The program and performers in the concert include the famous “Hiyo, Silver! Away!”overture to the opera “William Tell (1829)” by Gioachino Antonio Rossini[ (1792-1868); “Cheti, cheti immantinente” from the quintessential opera buffa “Don Pasquale (1843) by Domenico Gaetano Maria Donizetti (1797-1848), by Alex Mathews, baritone, and Yue Wu Don, bass-baritone.

“Un di, se ben rammentomi…” from “Rigoletto (1851)” by Giuseppe Fortunino Francesco Verdi (1813-1901) , with Krista Renée Pape, soprano, Ariana Maubach, mezzo-soprano, Giorgi Guliashvili, tenor, and Eunsung Lee, baritone; “A moi les plaisirs…” from “Faust (1859)” by Charles-François Gounod (1818-93), with  Luke Norvell, tenor, and Eric Delagrange, bass-baritone.

“Nous avons en tête une affaire…” from “Carmen (1875)” by Georges Bizet (1838-75), with Danielle Casós, mezzo-soprano, Johanna Will, soprano, Tivoli Treloar, mezzo-soprano, Maximillian Jansen, tenor, and Samuel Kidd, baritone; “Canción de la gitana” from the zarsuela “La alegría del batallón (1909)” by José Serrano Simeón (1873-1941), with Joanne Evans, mezzo-soprano.

“Vuelven las horas lejanas” from Serrano’s zarazuela, “Los de Aragón (1927), with Sarah Margaret Dyer, mezzo-soprano; “Carceleras” from the comic zarazuela “Las Hijas del Zebedeo (1889)” by Ruperto Chapí y Lorente (1851-1909), by Quinn Middleman, mezzo-soprano; “Bevo al tuo fresco sorriso” from “La rondine (1917)” by Giacomo Puccini  (1858-1924), with Juliette Chauvet, soprano, Kylie Kreucher, soprano, Christopher Willoughby, tenor, and Sibo Msibi, tenor; and the gorgeous orchestral poem, “The Pines of Rome (1924) by Ottorino Respighi (1879-1936).

This is such a fitting finale, in several ways.
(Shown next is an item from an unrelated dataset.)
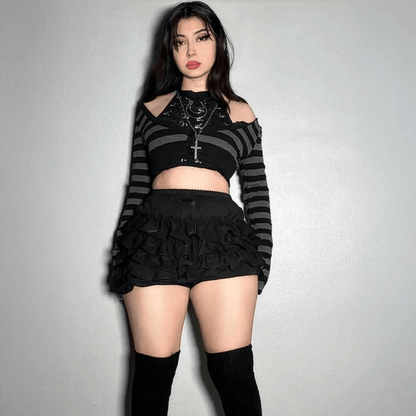 Look fairycore grunge taille haute affirmé - Saylana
For one thing, in ages past, the final concerts have been almost exclusively instrumental. But singers play such a huge part in the day-to-day conduct of the Academy that the participation of so many Lehrer Vocal Institute fellows in this concert will seem to many like a too-long delayed redressing of a chronic imbalance.

Then, too, the program, with its Italian orchestral bookends, plus vocal selections by Donizetti, Verdi and Puccini, reminds us that what we call “classical music” was essentially an Italian invention. The rest of Europe learned music from the Italians. For, the Italians were musical missionaries, and their mission was delight. We all owe them: no Italy, no Music Academy.

And, finally, there is something like true justice in having a former Academy fellow return to the Granada as a grown-up professional, to conduct this gorgeous slate of music.

Admission to Meet the Conductor is $20, with kids 7-17 admitted free. Regular price tickets for the concert are $55-$100. Community Access tickets, as available, are $10; and kids 7-17, as always, are admitted free. Tickets are available from the Summer Festival (Casey) Ticket Office, in person 10 a.m.-5 p.m. weekdays, through Friday, Aug. 6; by phone, 805-969-8787; or online at www.musicacademy.org.